Schon jetzt klingelt das Telefon von Salvatore Di Maria ständig. Er ist der Besitzer und ein Fahrer der Hauptflotte an Wassertankwagen in der Gegend. Wie drastisch die Lage ist zeigt ein kürzlicher Anruf an einem, heißen Tag. Er erhielt einen Anruf aus einer Ferienanlage, während er einen seiner strahlend blauen Tankbehälter auf Rädern an einer öffentlichen Wasserstation für einen Kunden füllte. “Ich brauche 12.000 Liter Wasser”, sagte die Stimme am anderen Ende. “Es gibt eine Warteliste von 10 bis 15 Tagen”, antwortete Di Maria.

Jeder fragt ihn nach Wasser. Jeder will sicherstellen, dass er einen Vorrat hat. Jeder will eine gefüllte Zisterne haben. Tankwagen sind die beste Möglichkeit, Wasser direkt zu Kunden zu bringen, ohne dass es an undichten Stellen ausläuft. So sind sie dutzendweise auf den gewundenen Straßen unterwegs – Tankwagen, die Wasser in Gebiete mit Priorität liefern. Die örtliche Wassergesellschaft, Aica, hat festgelegt, wer Vorrang hat, etwa Krankenhäuser und generell kranke und ältere Leute sowie mehrere Schlüsselunternehmen wie Hotels.

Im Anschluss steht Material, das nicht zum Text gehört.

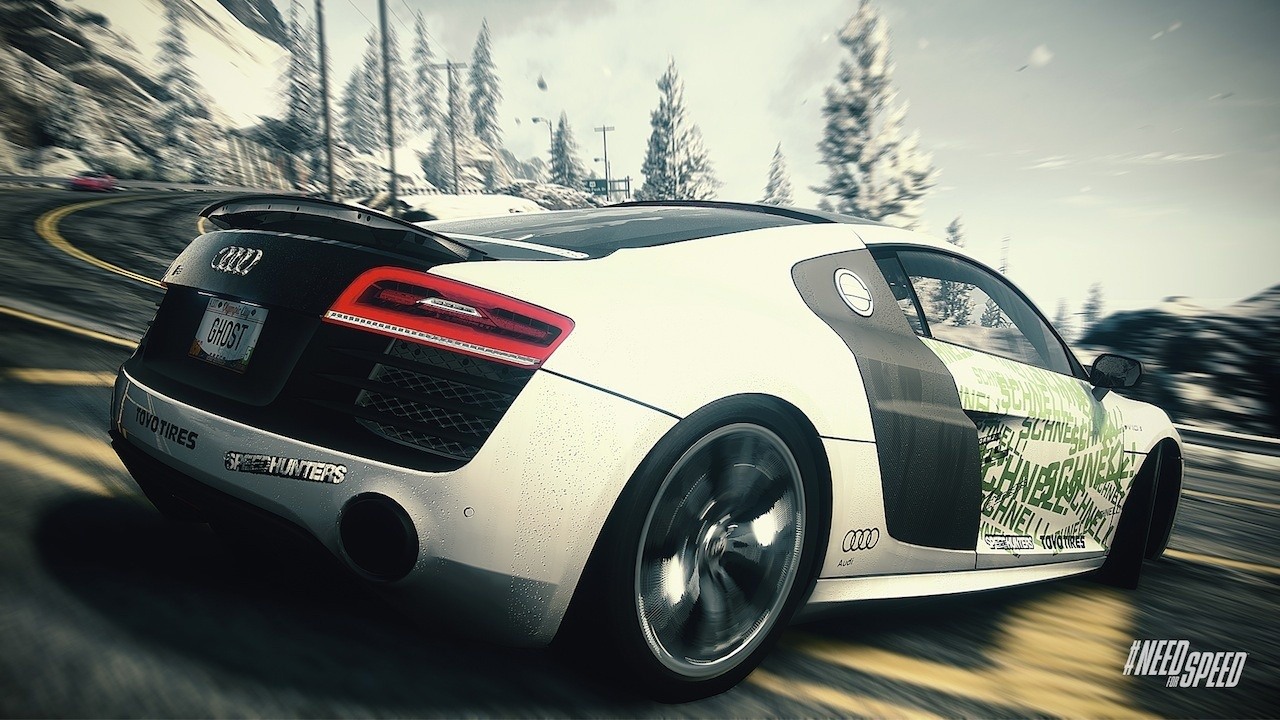 Need For Speed 2015 Torrent Mac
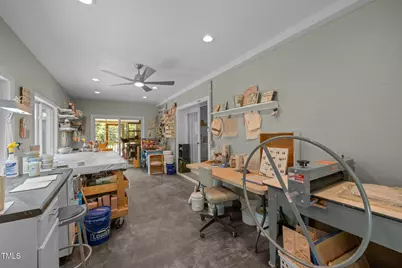 107 Ledge Lane, Chapel Hill, NC 27514 - Photo 33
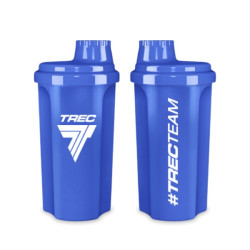 Shaker 059 TREC TEAM 700ml OCEAN BLUE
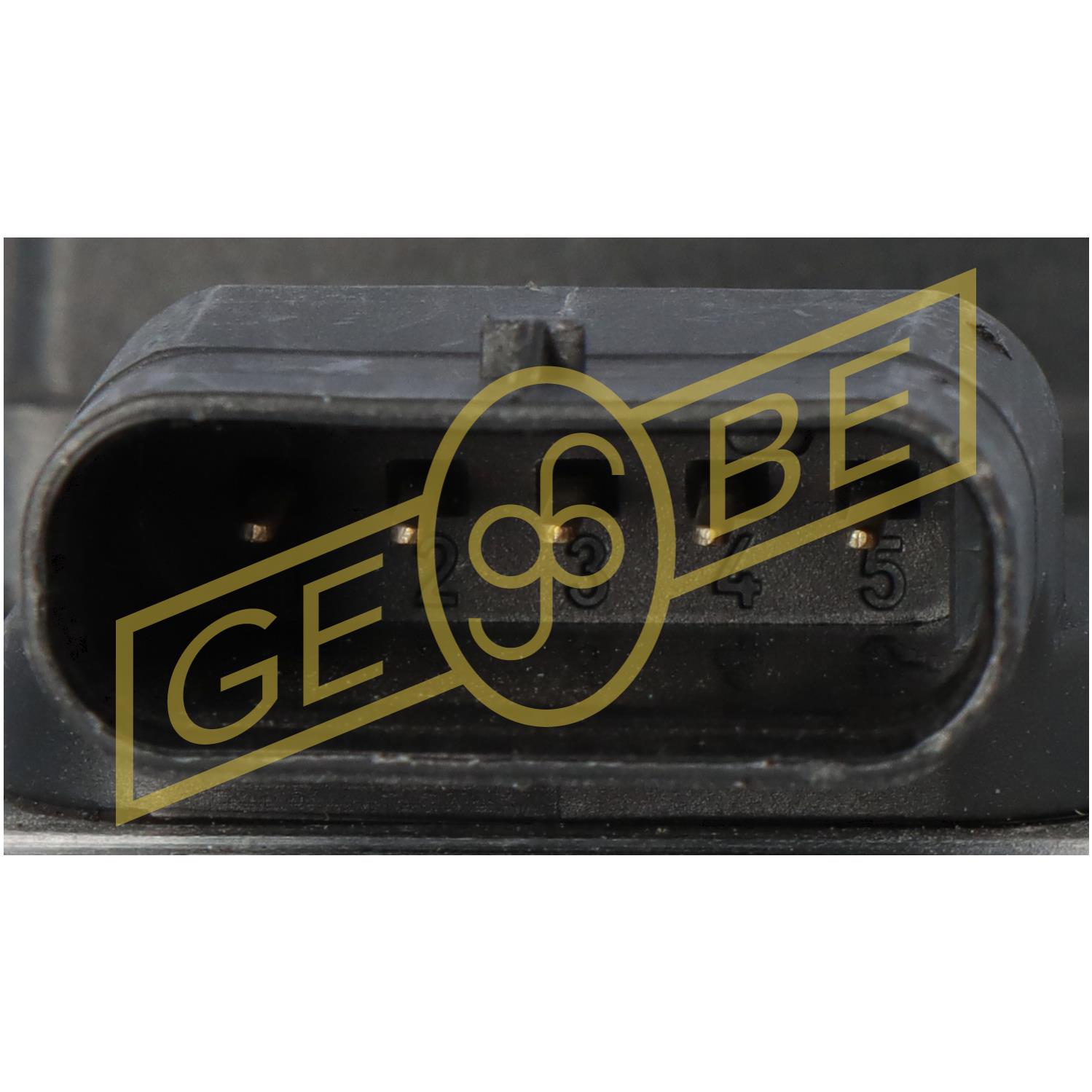 Gebe Nox-sensor (katalysator) 9 2840 1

“Der Dürrenotstand war ein Weckruf”, sagt Aica-Präsident Settimio Cantone mit Blick auf die undichten Aquädukte. Jetzt würden dank der staatlichen Notfallmittel unter anderem neue Brunnen gegraben und Wasserwerke ausgebessert. Dennoch blickt Klimawissenschaftler Giulio Boccaletti vom Europa-Mittelmeer-Zentrum für Klimawandel angesichts der Auswirkungen der Erderwärmung wie steigende Temperaturen und andere Wetterextreme sorgenvoll in Siziliens Zukunft. “Was außergewöhnlich war”, so sagt er, “ist die neue Normalität”.